The photos were snapped on Halloween, but began circulating on social media last week, when Bonner’s blackface morphed into a black eye for his community.
“I’m really embarrassed about the whole situation,” Blevins School Superintendent Billy Lee told The Washington Post.
Lee oversees the three schools in Blevins, a town of 315 people, 100 miles southwest of Little Rock. In this town, 17 percent of the population is black.
“It’s not the way I was raised. It’s not the way I am. It’s not the way our students are or our schools,” Lee said.
Bonner offered a “very sincere apology” at the county school board meeting Monday night, Lee said.
But many people in the community want him off the board.

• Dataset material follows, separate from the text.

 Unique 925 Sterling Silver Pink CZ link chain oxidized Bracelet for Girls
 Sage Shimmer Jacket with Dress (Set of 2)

Lee didn’t say whether he thought Bonner should resign. But as superintendent, Lee can’t force a school board member to do anything.
“He’s actually my boss,” Lee said. “Neither the school board nor the administration holds the power to discipline or remove a school board member. Only the voters have the power during the next school board election.”
Bonner is up for reelection in 2018, Lee said.
No one answered the phone at a number listed for Bonner.
The Arkansas NAACP demanded that Bonner resign immediately.
“Ted Bonner’s services as a school board member that oversees a district of racially and culturally diverse students is an egregious act,” President Rizelle Aaron said in a statement to local media.
Bonner “has conducted himself in a manner that is unbecoming of an elected official and has brought embarrassment and negative national attention to the Blevins School District and the great state of Arkansas.”
Faye Smith, who has two sons attending Blevins High School, told Little Rock’s NBC affiliate KARK that Bonner’s actions send the wrong message to black children in the schools he oversees.
“It’s a little bit hurtful . . . to think my children are being supervised by a person who feels like that is all they’re worth,” said Smith. “I don’t appreciate the fact that you’re mocking the thing that I’m teaching my boys is something to be proud of — being a black man — and then you do this to make them feel like ‘well, you’re a joke.’”
Across the nation, this school year “opened with an onslaught of racially charged incidents at colleges across the country,” The Post’s Susan Svrluga wrote.
“A professor at Eastern Michigan University found a racial slur spray-painted on the side of a building on campus along with ‘KKK’ in large letters. A former Kansas State University student shared a photo of herself and a friend with their faces painted black, and a racial slur,” Svrluga wrote. “Students at the University of Michigan found posters on campus warning white women not to date black men. On a wall at Ohio University, someone painted a person hanging from a noose.”
College campuses advised students to think twice before wearing culturally insensitive Halloween costumes, amid an ongoing debate about the balance between free speech and cultural sensitivity.
“Our thing is about teaching students about how to enjoy the holiday without being extremely offensive,” said Carolyn Barber-Pierre, assistant vice president for multicultural affairs at Tulane University.
At the University of Oregon, a law professor missed that lesson: The professor was placed on administrative leave after wearing blackface to a Halloween party attended by faculty and students.
Blackface minstrel acts were popular in the 1800s, when white audiences weren’t interested in seeing real black entertainers and instead preferred performers who were pretending to be black.
“The audience for these shows was largely working-class whites, and at first the blackface character was actually a smart and sympathetic one,” “The Tavis Smiley Show” once observed. “But as time went on, the minstrel show took on a more racist tone.”
These shows “presented the black character as being stupid, as being comical, as being basically a frivolous character,” cultural critic Mel Watkins told PBS. “Now, how that impacted upon society itself was that they embraced it. They loved it. This was what people had thought about blacks all along. So [that] characterization of blacks then reaffirmed what mainstream America had been thinking all along.”
“Minstrelsy desensitized Americans to horrors of chattel slavery,” wrote Blair L.M. Kelley, an associate professor of history at North Carolina State University. “These performances were object lessons about the harmlessness of southern slavery. By encouraging audiences to laugh, they showed bondage as an appropriate answer for the lazy, ignorant slave. Why worry about the abolition of slavery when black life looked so fun, silly, and carefree? Even the violence of enslavement just became part of the joke.”
Noting that “blackface became a mainstay of stage and later film performance,” Kelley wrote that “most often blackface was used as a comic device that played on the stereotypes of black laziness, ignorance, or crass behavior for laughs.”
She added that “the history of blackface minstrelsy isn’t talked about regularly today, but its cultural residue is all around us. . . . Until we actively remember the ugliness of this history, people will continue to blacken their faces without recognizing the horror hidden beneath the paint.”